# Work item
Please, could you print all the lines below exactly, leaving out the pictures?

### Data for the task ###

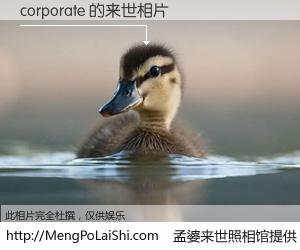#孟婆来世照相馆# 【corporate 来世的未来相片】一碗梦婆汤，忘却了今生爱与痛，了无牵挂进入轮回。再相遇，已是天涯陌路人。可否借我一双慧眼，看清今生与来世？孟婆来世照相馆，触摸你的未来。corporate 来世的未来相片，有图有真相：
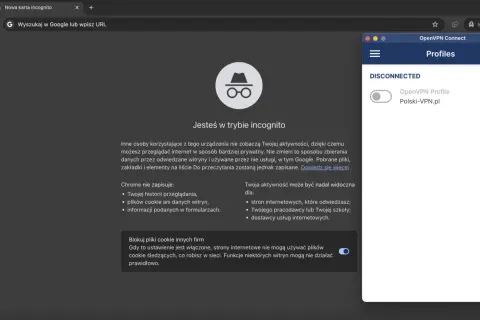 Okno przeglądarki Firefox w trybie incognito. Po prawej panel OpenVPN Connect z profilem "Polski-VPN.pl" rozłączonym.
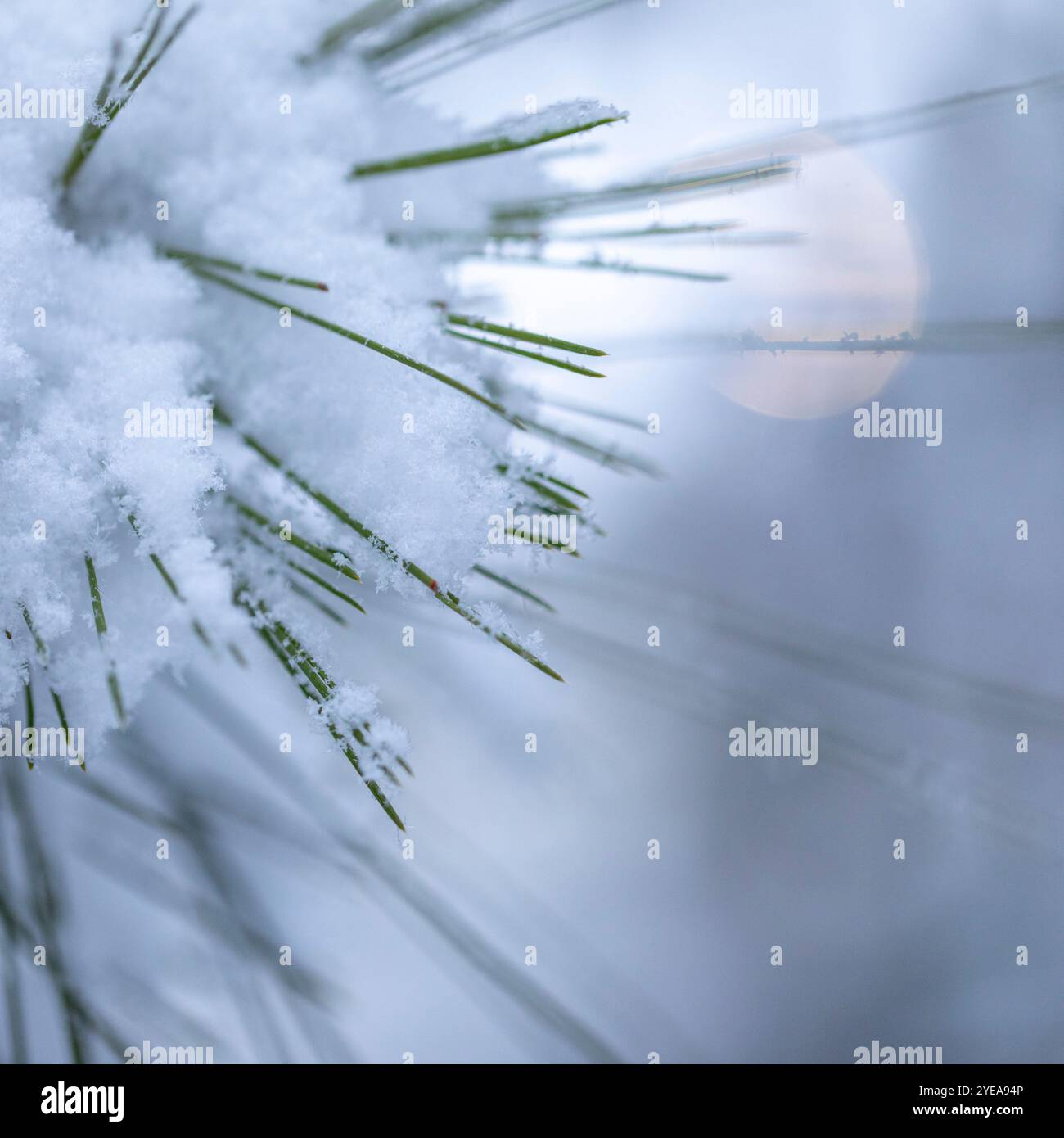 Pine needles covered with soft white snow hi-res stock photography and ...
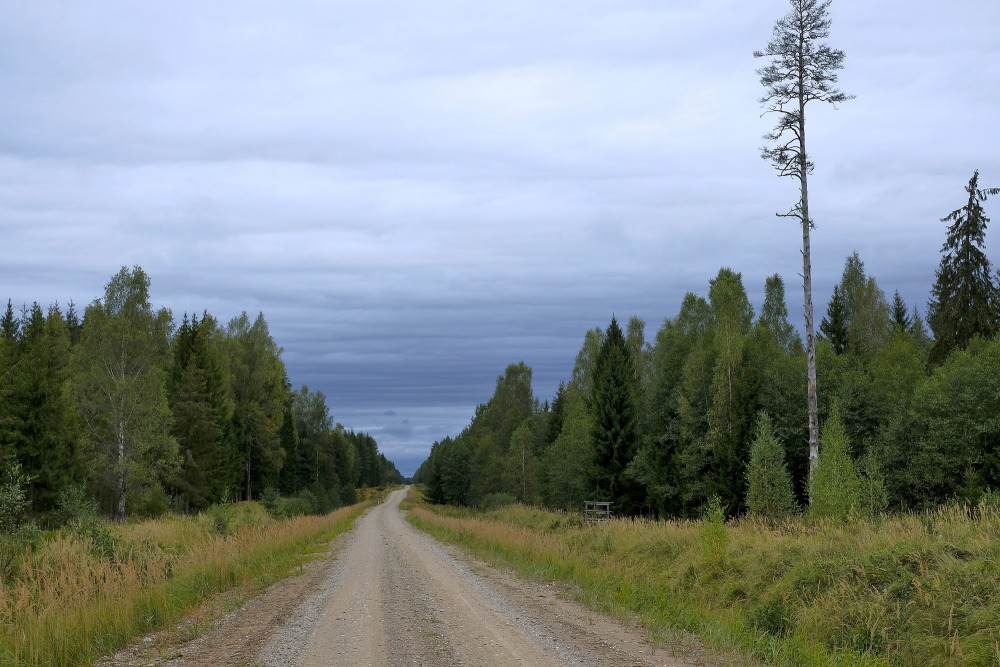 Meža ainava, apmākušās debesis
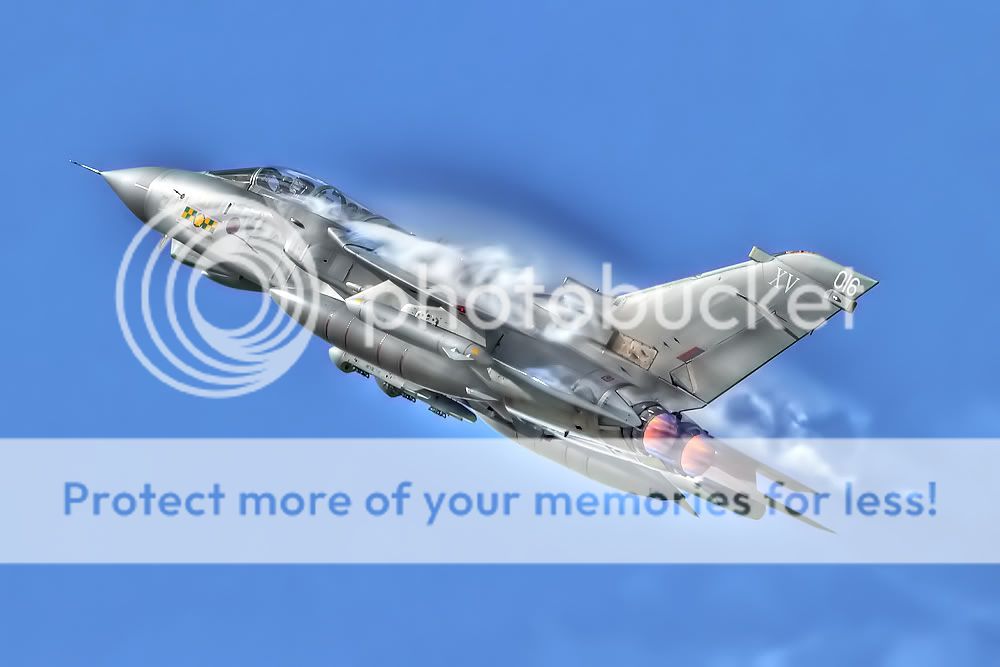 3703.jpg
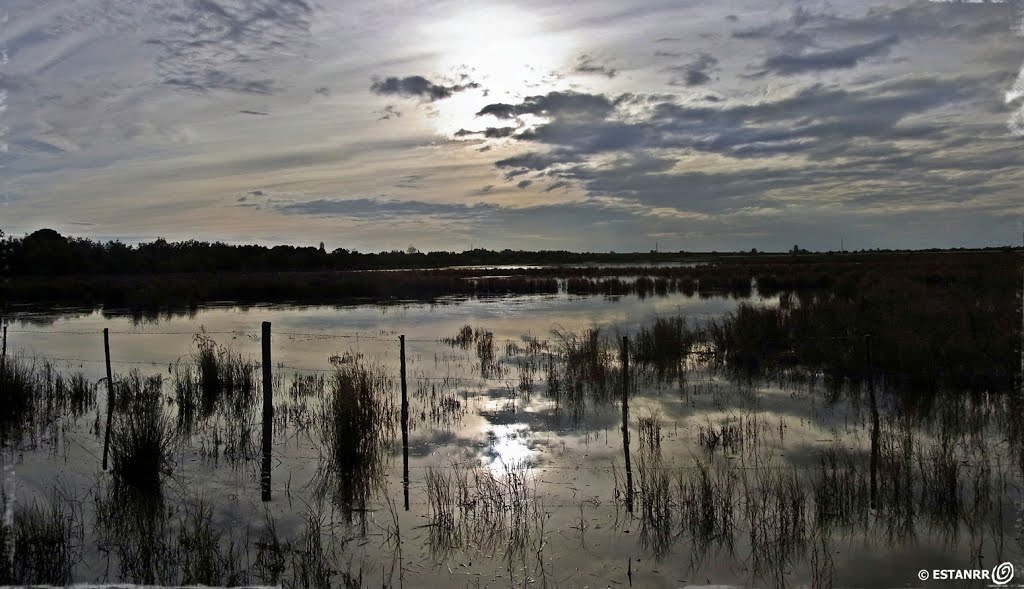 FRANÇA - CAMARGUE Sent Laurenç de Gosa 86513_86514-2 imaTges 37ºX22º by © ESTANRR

###

# Exercise solution
#孟婆来世照相馆# 【corporate 来世的未来相片】一碗梦婆汤，忘却了今生爱与痛，了无牵挂进入轮回。再相遇，已是天涯陌路人。可否借我一双慧眼，看清今生与来世？孟婆来世照相馆，触摸你的未来。corporate 来世的未来相片，有图有真相：
 Okno przeglądarki Firefox w trybie incognito. Po prawej panel OpenVPN Connect z profilem "Polski-VPN.pl" rozłączonym.
 Pine needles covered with soft white snow hi-res stock photography and ...
 Meža ainava, apmākušās debesis
 3703.jpg
 FRANÇA - CAMARGUE Sent Laurenç de Gosa 86513_86514-2 imaTges 37ºX22º by © ESTANRR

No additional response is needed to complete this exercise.